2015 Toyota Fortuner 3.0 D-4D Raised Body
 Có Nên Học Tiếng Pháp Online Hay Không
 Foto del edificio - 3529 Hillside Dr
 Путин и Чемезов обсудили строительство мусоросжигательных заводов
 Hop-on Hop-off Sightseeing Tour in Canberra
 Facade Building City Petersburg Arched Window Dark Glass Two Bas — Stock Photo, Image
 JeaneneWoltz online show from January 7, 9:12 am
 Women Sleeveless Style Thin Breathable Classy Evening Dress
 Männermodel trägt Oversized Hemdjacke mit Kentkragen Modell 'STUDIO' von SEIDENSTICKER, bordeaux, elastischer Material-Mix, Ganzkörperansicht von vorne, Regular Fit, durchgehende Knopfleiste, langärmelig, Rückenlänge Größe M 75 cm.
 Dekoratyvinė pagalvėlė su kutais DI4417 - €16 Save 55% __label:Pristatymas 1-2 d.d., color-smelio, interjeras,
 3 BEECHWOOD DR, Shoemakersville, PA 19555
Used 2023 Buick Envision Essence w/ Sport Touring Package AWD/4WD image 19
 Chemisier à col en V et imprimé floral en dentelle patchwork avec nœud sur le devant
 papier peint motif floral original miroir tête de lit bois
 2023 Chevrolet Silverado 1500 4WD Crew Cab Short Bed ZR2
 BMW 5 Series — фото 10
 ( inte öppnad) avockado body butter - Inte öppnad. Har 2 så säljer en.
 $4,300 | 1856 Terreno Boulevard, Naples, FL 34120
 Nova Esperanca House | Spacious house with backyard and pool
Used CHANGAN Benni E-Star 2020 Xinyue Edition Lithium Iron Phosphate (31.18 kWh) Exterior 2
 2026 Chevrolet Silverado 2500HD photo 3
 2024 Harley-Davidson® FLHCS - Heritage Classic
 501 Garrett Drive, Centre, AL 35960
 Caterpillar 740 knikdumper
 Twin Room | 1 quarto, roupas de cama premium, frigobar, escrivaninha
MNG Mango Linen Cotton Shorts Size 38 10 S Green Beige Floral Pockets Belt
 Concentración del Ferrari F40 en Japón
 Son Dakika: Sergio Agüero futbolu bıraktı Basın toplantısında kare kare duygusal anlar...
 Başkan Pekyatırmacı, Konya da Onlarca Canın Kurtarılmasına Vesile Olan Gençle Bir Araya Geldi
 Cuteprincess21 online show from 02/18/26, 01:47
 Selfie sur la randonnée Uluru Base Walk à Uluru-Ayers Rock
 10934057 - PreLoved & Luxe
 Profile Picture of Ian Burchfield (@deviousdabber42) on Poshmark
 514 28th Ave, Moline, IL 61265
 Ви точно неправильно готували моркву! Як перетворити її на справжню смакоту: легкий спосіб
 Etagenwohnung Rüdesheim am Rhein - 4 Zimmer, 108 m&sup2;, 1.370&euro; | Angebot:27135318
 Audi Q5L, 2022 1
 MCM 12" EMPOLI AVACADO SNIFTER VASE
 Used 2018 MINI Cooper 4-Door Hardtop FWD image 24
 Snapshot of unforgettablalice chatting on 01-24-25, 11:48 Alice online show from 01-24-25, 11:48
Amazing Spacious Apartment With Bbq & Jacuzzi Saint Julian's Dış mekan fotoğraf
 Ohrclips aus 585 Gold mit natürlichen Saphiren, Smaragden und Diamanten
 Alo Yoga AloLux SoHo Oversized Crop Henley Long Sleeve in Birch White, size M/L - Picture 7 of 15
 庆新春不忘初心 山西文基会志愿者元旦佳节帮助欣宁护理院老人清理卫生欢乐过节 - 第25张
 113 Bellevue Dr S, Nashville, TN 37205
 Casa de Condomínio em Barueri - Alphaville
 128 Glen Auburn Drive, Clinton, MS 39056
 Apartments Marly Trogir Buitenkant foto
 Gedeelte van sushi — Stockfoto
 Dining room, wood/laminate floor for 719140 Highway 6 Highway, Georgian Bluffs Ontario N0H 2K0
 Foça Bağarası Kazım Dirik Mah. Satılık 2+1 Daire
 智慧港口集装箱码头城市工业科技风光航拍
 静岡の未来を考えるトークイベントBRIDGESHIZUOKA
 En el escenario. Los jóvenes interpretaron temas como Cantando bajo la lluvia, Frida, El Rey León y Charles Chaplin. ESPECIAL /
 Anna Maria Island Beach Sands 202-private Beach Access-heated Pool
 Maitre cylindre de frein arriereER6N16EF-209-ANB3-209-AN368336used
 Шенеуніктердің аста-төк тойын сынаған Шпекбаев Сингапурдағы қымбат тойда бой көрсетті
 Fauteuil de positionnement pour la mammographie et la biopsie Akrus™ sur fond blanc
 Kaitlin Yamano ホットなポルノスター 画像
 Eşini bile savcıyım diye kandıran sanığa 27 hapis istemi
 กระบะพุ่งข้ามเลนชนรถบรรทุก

__Exercise objective__: What you return should be exactly the lines above, starting at the one with "Nova Esperanca House" and ending at the one with "Twin Room |", and nothing else.

__Reply__:
 Nova Esperanca House | Spacious house with backyard and pool
Used CHANGAN Benni E-Star 2020 Xinyue Edition Lithium Iron Phosphate (31.18 kWh) Exterior 2
 2026 Chevrolet Silverado 2500HD photo 3
 2024 Harley-Davidson® FLHCS - Heritage Classic
 501 Garrett Drive, Centre, AL 35960
 Caterpillar 740 knikdumper
 Twin Room | 1 quarto, roupas de cama premium, frigobar, escrivaninha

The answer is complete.